You can tell a lot about the future of a metro area based on how it deals with tensions over plans to develop its land. Zoning laws, which help determine everything from building heights to building and land values, set a course not only for a city's development but its character and attitude, too.
These days, the Puget Sound region (primarily Seattle) is embroiled in a battle between real-estate developers and labor leaders over how much industrial land in the region should remain industrial.
One side says Puget Sound is, in many ways, shedding its industrial image and embracing a high-tech, service-worker future. As a result, it needs to open some industrial land to higher and better uses in the form of mixed-use residential, office and retail buildings. The other side says, no, the industrial land needs to stay industrial because not only does it harbor good-paying jobs but it also retains a piece of our blue-collar character, a piece worth saving.
Here is where the battle was at when I last checked: Mayor Greg Nickels proposed protecting jobs by reducing office and retail development on 5,000 acres in the city dedicated mostly to manufacturing and industry. Here is what Deputy Mayor Tim Ceis told the Seattle Times: "This is kind of shaping up as a battle for the fate of industrial jobs in the city. It's downtown versus industry, white collar versus blue."

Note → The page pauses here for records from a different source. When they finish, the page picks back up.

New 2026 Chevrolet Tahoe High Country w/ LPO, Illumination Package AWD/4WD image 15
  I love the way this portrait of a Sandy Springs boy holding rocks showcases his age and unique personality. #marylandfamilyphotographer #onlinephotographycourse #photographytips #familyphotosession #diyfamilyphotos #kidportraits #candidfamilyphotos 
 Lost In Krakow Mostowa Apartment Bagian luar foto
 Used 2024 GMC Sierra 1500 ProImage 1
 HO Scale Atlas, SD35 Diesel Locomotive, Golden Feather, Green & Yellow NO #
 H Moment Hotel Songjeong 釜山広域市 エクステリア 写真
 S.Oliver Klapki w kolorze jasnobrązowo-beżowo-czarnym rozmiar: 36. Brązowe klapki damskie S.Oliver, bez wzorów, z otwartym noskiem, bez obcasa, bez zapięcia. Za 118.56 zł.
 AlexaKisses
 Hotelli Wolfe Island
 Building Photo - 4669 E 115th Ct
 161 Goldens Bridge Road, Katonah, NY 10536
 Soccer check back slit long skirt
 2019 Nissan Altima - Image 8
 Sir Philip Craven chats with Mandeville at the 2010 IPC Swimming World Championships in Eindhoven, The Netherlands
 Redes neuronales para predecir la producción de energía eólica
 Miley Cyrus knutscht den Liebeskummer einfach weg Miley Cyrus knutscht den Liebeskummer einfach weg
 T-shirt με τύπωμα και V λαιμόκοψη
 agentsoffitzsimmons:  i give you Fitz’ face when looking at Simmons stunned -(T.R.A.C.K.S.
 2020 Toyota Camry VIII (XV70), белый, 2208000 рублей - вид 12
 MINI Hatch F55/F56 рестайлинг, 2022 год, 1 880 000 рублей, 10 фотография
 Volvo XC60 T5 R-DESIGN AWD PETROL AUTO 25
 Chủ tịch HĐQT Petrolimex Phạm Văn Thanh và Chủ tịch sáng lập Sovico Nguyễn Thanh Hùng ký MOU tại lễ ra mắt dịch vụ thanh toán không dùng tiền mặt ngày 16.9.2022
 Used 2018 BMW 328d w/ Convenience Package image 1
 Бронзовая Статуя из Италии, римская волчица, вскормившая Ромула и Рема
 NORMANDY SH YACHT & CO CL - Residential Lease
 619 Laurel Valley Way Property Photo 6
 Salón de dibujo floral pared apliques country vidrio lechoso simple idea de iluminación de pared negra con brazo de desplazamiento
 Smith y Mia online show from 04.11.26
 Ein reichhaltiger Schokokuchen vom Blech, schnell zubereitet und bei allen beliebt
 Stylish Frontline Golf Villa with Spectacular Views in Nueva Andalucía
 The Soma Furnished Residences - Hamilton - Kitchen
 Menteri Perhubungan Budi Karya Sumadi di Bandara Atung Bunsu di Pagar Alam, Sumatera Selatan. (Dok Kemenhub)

Or not. At the risk of sounding naive, I would suggest that perhaps this isn't an us or them, "versus" situation necessarily. I would suggest this after reading about what is happening in Los Angeles, which also is embroiled in a zoning war over the fate of industrial land.
Although the tensions are just as high in LA as they are here, several developers quoted in the LA Times story suggest a compromise can be found at least among some competing land uses.
One of the developers is Kate Bartolo, senior vice president of development for the Kor Group, which is developing a number of projects downtown, including t he conversion of warehouses in LA's industrial district into condos and retail space. Here is what she said: "Saying that industrial is wholly incompatible with live-work lofts is very dated thinking."
Perhaps the correct approach here would be to find the points where the supposedly competing land uses are actually not all that much in competition. Certainly, some buildings don't belong next to each other, and it's important to promote good-paying industrial jobs. But, when it comes to zoning and land uses, the future of cities doesn't rest on an either/or mentality. Cities aren't like that. They're messy and, as such, they should be roomy enough for urban office workers and loft-dwellers as well as manufacturers and the people they employ.
To those ends, perhaps "form-based codes," which are more specific than traditional zoning laws, might help lay out how different buildings and their occupants interact with one another. Or, perhaps, "transitional zones" which reflect the different contours of different pieces of land, are a way to enable a place to evolve smartly from industrial to retail to residential while maintaining these important uses.